È la seconda volta che lei affronta il tema dell’Olocausto.
«W. G. Sebald arrivava a sostenere che “ogni persona seria non può parlare d’altro”. Io credo sinceramente che confrontarsi con l’abominio dell’Olocausto sia fondamentale per comprendere noi stessi. In La freccia del tempo raccontavo la storia partendo dalla fine per vedere come questo spostamento temporale cambiasse anche la morale. In questo caso ho cercato invece un approccio realista, cercando di evitare il genere».
C’è spazio per una storia d’amore e desiderio all’interno della più tragica mostruosità della storia?
«Certo, e può offrire lo spiraglio in cui si scorge l’umanità, e quindi la redenzione. Si tratta tuttavia di una storia d’amore frustrata, che aiuterà Golo ad avere maggiore coraggio e consapevolezza dell’orrore che sta vivendo».
Il romanzo ha alcuni aspetti in comune con Le benevole di Jonathan Littell.
«Apprezzo sempre i libri che affrontano grandi temi, e spero che questa sia la direzione della letteratura contemporanea. Nel caso delle Benevole si tratta di un romanzo interessante, specie nelle parti dedicate a Stalingrado e ad Auschwitz. Nel mio libro, invece, uno degli aspetti che mi interessava maggiormente era analizzare gli effetti dell’Olocausto su alcune persone che ne sono responsabili».
Il risultato delle loro azioni rimane sterile e tragico.
«Purtroppo la storia ci ha insegnato che è andata così, e non apprezzo chi la manipola secondo le proprie esigenze creative. Tuttavia ho cercato di capire l’animo dei personaggi, anche dei più ottusi e perversi: di fronte ai forni crematori, Paul si chiede “Se quello che stiamo facendo è buono, perché ha un odore così tremendo? E perché nel cuore della notte sentiamo l’insaziabile desiderio di ubriacarci brutalmente?”».
Pensa che l’Olocausto possa accadere nuovamente?
«L’antisemitismo continua a risorgere in Europa e altrove, a volte in maniera camuffata: i segnali sono allarmanti e in alcuni casi gravissimi. L’Olocausto ne è stata la logica e agghiacciante conseguenza».
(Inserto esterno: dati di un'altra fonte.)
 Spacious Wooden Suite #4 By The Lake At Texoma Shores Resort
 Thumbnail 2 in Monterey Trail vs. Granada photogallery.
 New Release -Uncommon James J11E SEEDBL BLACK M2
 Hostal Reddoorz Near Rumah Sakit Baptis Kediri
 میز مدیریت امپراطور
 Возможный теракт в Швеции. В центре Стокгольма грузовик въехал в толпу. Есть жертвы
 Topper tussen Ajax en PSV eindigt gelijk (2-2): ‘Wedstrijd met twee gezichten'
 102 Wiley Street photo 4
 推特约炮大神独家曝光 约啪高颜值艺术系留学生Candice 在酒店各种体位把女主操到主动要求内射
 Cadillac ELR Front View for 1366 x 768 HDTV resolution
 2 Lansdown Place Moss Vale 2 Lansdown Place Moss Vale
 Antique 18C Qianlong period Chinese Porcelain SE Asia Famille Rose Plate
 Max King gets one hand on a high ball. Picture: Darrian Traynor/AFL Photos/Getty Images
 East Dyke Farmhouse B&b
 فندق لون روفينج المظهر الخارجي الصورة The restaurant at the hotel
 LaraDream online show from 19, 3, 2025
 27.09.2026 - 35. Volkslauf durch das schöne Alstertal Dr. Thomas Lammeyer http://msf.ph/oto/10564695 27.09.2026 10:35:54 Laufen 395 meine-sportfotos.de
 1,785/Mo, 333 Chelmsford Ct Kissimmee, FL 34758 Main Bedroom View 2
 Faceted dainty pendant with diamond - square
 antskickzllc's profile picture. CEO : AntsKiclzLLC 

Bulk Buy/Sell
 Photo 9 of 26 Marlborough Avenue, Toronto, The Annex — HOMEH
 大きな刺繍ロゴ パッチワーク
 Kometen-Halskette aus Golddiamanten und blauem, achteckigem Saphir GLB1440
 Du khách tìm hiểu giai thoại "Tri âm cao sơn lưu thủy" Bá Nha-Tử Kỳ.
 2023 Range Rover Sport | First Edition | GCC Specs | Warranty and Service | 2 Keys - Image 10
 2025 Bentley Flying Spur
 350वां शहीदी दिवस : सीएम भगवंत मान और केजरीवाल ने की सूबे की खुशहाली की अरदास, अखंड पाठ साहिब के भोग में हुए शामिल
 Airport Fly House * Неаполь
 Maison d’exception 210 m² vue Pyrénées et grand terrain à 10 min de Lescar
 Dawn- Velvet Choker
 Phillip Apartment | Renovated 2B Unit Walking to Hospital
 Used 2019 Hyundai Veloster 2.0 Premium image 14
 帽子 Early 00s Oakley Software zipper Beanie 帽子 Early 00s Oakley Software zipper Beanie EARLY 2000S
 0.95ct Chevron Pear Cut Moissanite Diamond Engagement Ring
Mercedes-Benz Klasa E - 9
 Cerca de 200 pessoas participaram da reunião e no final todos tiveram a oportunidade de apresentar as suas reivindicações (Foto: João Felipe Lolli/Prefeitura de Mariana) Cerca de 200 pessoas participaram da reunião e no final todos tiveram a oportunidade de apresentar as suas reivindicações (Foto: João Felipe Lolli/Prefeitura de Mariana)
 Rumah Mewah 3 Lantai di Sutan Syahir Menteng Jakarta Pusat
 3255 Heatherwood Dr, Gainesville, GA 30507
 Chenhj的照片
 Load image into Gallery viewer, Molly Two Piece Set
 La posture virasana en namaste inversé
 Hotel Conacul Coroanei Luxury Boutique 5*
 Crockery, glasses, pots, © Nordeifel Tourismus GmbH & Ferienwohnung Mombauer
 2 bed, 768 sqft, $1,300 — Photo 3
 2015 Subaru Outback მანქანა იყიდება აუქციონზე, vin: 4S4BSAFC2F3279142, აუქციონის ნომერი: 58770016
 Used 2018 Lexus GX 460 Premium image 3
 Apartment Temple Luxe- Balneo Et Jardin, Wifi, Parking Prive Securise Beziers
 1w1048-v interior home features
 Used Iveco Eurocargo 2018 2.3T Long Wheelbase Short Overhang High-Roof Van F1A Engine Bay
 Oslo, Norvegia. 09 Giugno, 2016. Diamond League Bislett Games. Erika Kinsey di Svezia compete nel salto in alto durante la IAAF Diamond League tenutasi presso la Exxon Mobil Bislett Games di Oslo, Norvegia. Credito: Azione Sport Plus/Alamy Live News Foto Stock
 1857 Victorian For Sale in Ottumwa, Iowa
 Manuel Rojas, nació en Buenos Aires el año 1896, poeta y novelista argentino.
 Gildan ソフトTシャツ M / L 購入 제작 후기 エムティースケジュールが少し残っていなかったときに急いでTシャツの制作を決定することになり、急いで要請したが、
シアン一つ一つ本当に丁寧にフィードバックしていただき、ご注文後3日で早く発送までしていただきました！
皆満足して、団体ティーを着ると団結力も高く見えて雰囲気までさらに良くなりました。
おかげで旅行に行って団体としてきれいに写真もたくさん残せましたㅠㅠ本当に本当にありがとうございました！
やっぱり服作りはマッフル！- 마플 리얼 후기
Si è mai chiesto come sia stato possibile?
«Me lo chiedo ogni giorno, ma il male si può raccontare più che comprendere. L’umanità continua a perpetrare genocidi perché la malvagità è parte della sua natura: la leggenda dello specchio che mostra l’anima termina con la constatazione che nessuno è in grado di guardarlo per più di un minuto».
Gli artisti vedono le tragedie con anticipo.
«È un privilegio triste. Oggi viviamo un periodo che nessuno avrebbe mai predetto, segnato dalla disintegrazione degli stati e da pulsioni estremiste: l’estremismo ha sempre rappresentato una costante disastrosa per l’umanità, e non ha mai generato nulla di buono. Il rischio maggiore è rappresentato dal fondamentalismo e il più pericoloso è quello che si sposa con l’antisemitismo».